A famous of axiom-free library is the math-comp library https:// github.com/math-comp/math-comp, where booleans are used to represent decidable properties instead. And yet, this library is mostly designed to do maths.

On the other hand, there are examples of libraries choosing to adopt classical axioms and to assume them. The best example is Arthur Charguéraud’s TLC library https://gitlab.inria.fr/charguer/tlc which uses quite strong classical axioms (including the axiom of indefinite description, which is also something that can usually be found in HOL theorem provers). Another (heavily relied on) example is the Reals library in Coq’s standard library. It was recently suggested to split the axioms of the Reals library in two parts: constructive and classical layers. I personally regret that Coq doesn’t have a sort of interface files + virtual library mechanism, i.e. the file containing the Reals axioms could be “instantiated”, if the user wants to, by an actual implementation and proofs of these axioms.

The axiom of functional extensionality is I think one of the most easily admitted axiom. It is a consequence of many others, including the axiom of univalence.

I share this confusion around people avoiding axioms. Thanks for the explanation @Zimmi48; I actually didn’t know those axioms were inconsistent.

In my own work I use functional extensionality and proof irrelevance without thinking too much of it, but for some reason I avoid excluded middle (for which I have no justification; I’ve just gotten used to thinking intuitionistically). I’m not doing theoretical work but building systems, and it seems silly to get lost in the details of axioms when the TCB includes our specifications, which are much less trustworthy than Coq or its foundations.

Even if you do buy into minimizing the TCB, you’re relying on the soundness of Coq, and it can become unsound because of software bugs as much as due to problems in the theory. What I don’t see people talking about is the set of features of Coq they use, even though experimental and less-well-tested features are less likely to be sound than simpler, older, well-tested ones. For example, universe polymorphism and vm_compute have had soundness issues in the past, and newer features like native compute, primitive projections, and probably a number of options you can set are all candidates for undiscovered soundness issues (I think there was actually a soundness bug in primitive projections at one point). The termination checker is also complicated, so you might worry about the set of types used for recursion.

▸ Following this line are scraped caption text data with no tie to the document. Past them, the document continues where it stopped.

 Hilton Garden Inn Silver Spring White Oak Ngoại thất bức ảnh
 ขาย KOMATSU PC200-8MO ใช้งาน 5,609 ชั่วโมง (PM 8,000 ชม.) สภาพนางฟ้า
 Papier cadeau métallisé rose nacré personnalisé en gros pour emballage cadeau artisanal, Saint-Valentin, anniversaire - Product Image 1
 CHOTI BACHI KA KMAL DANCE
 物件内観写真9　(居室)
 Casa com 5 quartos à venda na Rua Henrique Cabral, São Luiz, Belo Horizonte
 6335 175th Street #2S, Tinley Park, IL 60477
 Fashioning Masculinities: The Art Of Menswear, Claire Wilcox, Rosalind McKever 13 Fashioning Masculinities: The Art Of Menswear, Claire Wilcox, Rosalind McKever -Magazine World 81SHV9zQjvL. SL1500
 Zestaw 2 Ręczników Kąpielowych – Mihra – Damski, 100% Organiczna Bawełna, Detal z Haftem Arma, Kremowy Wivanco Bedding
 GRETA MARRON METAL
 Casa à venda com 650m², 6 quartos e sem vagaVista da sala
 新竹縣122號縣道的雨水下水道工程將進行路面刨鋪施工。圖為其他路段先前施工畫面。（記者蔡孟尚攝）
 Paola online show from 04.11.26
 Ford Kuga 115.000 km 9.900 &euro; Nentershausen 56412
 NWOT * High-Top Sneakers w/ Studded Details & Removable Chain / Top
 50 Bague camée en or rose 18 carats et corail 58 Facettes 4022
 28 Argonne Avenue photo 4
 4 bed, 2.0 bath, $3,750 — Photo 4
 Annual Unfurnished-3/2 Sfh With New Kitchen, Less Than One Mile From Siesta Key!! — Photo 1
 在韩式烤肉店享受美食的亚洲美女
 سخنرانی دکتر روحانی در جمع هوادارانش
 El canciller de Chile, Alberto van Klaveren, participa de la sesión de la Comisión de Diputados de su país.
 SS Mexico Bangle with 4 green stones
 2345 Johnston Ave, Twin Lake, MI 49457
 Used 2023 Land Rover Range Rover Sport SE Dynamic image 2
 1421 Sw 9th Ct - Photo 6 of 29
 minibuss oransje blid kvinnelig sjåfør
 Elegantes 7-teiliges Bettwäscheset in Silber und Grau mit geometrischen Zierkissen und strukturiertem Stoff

For example, universe polymorphism and vm_compute have had soundness issues in the past, and newer features like native compute, primitive projections, and probably a number of options you can set are all candidates for undiscovered soundness issues (I think there was actually a soundness bug in primitive projections at one point). The termination checker is also complicated, so you might worry about the set of types used for recursion.

There were indeed two critical bugs with primitive projections that were found quickly after the feature was introduced.

OTOH, the currently known critical bug https://github.com/coq/coq/issues/9294 has to do with template polymorphism, a feature that has been there for a long time but that was never well understood and that is likely to go away soon in favor of a restricted from of full universe polymorphism, which is apparently better understood. Other features that are less well understood and may still contain critical bugs even if they have been there for a long time include advanced uses of the guard condition indeed, and the module system (when doing weird things with functors).

I agree in “standalone proofs”. Proof libraries are trickier, because axioms don’t always compose: if you load two libraries with incompatible axioms, you have a problem. Say, if you are using TLC for some utilities, but need -impredicative-set (which is incompatible), you might need to rewrite significant parts of your code.
I seem to remember some implementation of locally nameless (from TLC?) relying on excluded middle to decide equality of variables. While of course that’s legitimate, that’s one case that is easy enough to avoid, and I prefer libraries that do.
EDIT: to be sure, the only use case I know for impredicative Set is Atkey’s denotational semantics for System F, and even that can be avoided well enough (for many but not all purposes) by using logical relations instead.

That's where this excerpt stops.